» What you should do
Repeat, exactly and alone, every line from the line that contains "Sandy beach and" to the end of the entries.
----------------
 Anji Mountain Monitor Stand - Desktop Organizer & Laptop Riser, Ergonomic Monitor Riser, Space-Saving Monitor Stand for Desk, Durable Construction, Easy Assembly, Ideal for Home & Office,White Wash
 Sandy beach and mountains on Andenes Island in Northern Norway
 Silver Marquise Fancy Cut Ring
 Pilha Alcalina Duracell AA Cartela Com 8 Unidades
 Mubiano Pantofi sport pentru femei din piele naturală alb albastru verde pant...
----------------
» Task solution
 Sandy beach and mountains on Andenes Island in Northern Norway
 Silver Marquise Fancy Cut Ring
 Pilha Alcalina Duracell AA Cartela Com 8 Unidades
 Mubiano Pantofi sport pentru femei din piele naturală alb albastru verde pant...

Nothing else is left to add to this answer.